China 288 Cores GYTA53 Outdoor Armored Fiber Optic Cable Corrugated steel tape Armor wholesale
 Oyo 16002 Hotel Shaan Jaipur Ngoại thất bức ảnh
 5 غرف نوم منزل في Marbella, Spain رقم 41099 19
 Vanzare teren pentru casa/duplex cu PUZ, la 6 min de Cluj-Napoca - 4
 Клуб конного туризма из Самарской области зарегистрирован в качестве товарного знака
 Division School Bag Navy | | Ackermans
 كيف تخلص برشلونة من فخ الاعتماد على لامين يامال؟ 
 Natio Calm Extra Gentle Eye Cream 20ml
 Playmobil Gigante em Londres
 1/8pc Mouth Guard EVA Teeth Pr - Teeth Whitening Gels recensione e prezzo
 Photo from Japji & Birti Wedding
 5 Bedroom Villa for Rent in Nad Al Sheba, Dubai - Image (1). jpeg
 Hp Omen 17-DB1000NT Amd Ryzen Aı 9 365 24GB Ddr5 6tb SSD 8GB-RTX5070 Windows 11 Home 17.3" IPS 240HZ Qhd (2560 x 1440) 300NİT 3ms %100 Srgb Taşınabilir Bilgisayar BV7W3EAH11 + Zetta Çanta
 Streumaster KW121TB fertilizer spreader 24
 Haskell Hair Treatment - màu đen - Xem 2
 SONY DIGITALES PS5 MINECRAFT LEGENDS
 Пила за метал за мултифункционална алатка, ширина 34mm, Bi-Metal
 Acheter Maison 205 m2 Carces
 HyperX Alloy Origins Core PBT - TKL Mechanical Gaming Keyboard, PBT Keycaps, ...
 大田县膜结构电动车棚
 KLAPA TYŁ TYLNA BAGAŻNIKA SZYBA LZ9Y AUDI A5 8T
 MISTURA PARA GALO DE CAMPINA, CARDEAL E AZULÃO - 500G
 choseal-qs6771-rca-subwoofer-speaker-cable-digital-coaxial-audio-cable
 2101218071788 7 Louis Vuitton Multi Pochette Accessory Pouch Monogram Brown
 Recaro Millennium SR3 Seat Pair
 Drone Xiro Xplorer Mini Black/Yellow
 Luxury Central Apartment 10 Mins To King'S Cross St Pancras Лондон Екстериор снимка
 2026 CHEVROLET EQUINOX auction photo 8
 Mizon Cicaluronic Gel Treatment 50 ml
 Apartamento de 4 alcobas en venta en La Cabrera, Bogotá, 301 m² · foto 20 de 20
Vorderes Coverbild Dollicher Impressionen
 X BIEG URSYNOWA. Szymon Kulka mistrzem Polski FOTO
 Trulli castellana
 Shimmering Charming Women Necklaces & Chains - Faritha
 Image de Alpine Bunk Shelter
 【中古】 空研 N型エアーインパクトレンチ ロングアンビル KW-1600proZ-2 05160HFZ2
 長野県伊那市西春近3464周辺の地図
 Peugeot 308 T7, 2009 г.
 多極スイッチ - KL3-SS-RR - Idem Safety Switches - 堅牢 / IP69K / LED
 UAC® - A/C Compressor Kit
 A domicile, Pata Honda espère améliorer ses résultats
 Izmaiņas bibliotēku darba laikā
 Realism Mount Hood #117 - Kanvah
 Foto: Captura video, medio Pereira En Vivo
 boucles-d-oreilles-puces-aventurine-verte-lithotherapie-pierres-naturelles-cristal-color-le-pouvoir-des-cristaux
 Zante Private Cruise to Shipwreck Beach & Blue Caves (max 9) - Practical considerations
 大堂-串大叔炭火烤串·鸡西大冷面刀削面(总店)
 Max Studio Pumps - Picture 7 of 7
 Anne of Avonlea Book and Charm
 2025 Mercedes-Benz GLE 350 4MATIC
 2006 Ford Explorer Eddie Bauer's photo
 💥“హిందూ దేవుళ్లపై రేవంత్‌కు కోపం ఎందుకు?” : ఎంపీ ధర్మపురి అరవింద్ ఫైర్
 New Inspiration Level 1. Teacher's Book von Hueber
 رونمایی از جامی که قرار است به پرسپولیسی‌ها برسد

### What this task involves
Reproduce the entries above in full, so that each one reads exactly as before.

### Exercise answer
China 288 Cores GYTA53 Outdoor Armored Fiber Optic Cable Corrugated steel tape Armor wholesale
 Oyo 16002 Hotel Shaan Jaipur Ngoại thất bức ảnh
 5 غرف نوم منزل في Marbella, Spain رقم 41099 19
 Vanzare teren pentru casa/duplex cu PUZ, la 6 min de Cluj-Napoca - 4
 Клуб конного туризма из Самарской области зарегистрирован в качестве товарного знака
 Division School Bag Navy | | Ackermans
 كيف تخلص برشلونة من فخ الاعتماد على لامين يامال؟ 
 Natio Calm Extra Gentle Eye Cream 20ml
 Playmobil Gigante em Londres
 1/8pc Mouth Guard EVA Teeth Pr - Teeth Whitening Gels recensione e prezzo
 Photo from Japji & Birti Wedding
 5 Bedroom Villa for Rent in Nad Al Sheba, Dubai - Image (1). jpeg
 Hp Omen 17-DB1000NT Amd Ryzen Aı 9 365 24GB Ddr5 6tb SSD 8GB-RTX5070 Windows 11 Home 17.3" IPS 240HZ Qhd (2560 x 1440) 300NİT 3ms %100 Srgb Taşınabilir Bilgisayar BV7W3EAH11 + Zetta Çanta
 Streumaster KW121TB fertilizer spreader 24
 Haskell Hair Treatment - màu đen - Xem 2
 SONY DIGITALES PS5 MINECRAFT LEGENDS
 Пила за метал за мултифункционална алатка, ширина 34mm, Bi-Metal
 Acheter Maison 205 m2 Carces
 HyperX Alloy Origins Core PBT - TKL Mechanical Gaming Keyboard, PBT Keycaps, ...
 大田县膜结构电动车棚
 KLAPA TYŁ TYLNA BAGAŻNIKA SZYBA LZ9Y AUDI A5 8T
 MISTURA PARA GALO DE CAMPINA, CARDEAL E AZULÃO - 500G
 choseal-qs6771-rca-subwoofer-speaker-cable-digital-coaxial-audio-cable
 2101218071788 7 Louis Vuitton Multi Pochette Accessory Pouch Monogram Brown
 Recaro Millennium SR3 Seat Pair
 Drone Xiro Xplorer Mini Black/Yellow
 Luxury Central Apartment 10 Mins To King'S Cross St Pancras Лондон Екстериор снимка
 2026 CHEVROLET EQUINOX auction photo 8
 Mizon Cicaluronic Gel Treatment 50 ml
 Apartamento de 4 alcobas en venta en La Cabrera, Bogotá, 301 m² · foto 20 de 20
Vorderes Coverbild Dollicher Impressionen
 X BIEG URSYNOWA. Szymon Kulka mistrzem Polski FOTO
 Trulli castellana
 Shimmering Charming Women Necklaces & Chains - Faritha
 Image de Alpine Bunk Shelter
 【中古】 空研 N型エアーインパクトレンチ ロングアンビル KW-1600proZ-2 05160HFZ2
 長野県伊那市西春近3464周辺の地図
 Peugeot 308 T7, 2009 г.
 多極スイッチ - KL3-SS-RR - Idem Safety Switches - 堅牢 / IP69K / LED
 UAC® - A/C Compressor Kit
 A domicile, Pata Honda espère améliorer ses résultats
 Izmaiņas bibliotēku darba laikā
 Realism Mount Hood #117 - Kanvah
 Foto: Captura video, medio Pereira En Vivo
 boucles-d-oreilles-puces-aventurine-verte-lithotherapie-pierres-naturelles-cristal-color-le-pouvoir-des-cristaux
 Zante Private Cruise to Shipwreck Beach & Blue Caves (max 9) - Practical considerations
 大堂-串大叔炭火烤串·鸡西大冷面刀削面(总店)
 Max Studio Pumps - Picture 7 of 7
 Anne of Avonlea Book and Charm
 2025 Mercedes-Benz GLE 350 4MATIC
 2006 Ford Explorer Eddie Bauer's photo
 💥“హిందూ దేవుళ్లపై రేవంత్‌కు కోపం ఎందుకు?” : ఎంపీ ధర్మపురి అరవింద్ ఫైర్
 New Inspiration Level 1. Teacher's Book von Hueber
 رونمایی از جامی که قرار است به پرسپولیسی‌ها برسد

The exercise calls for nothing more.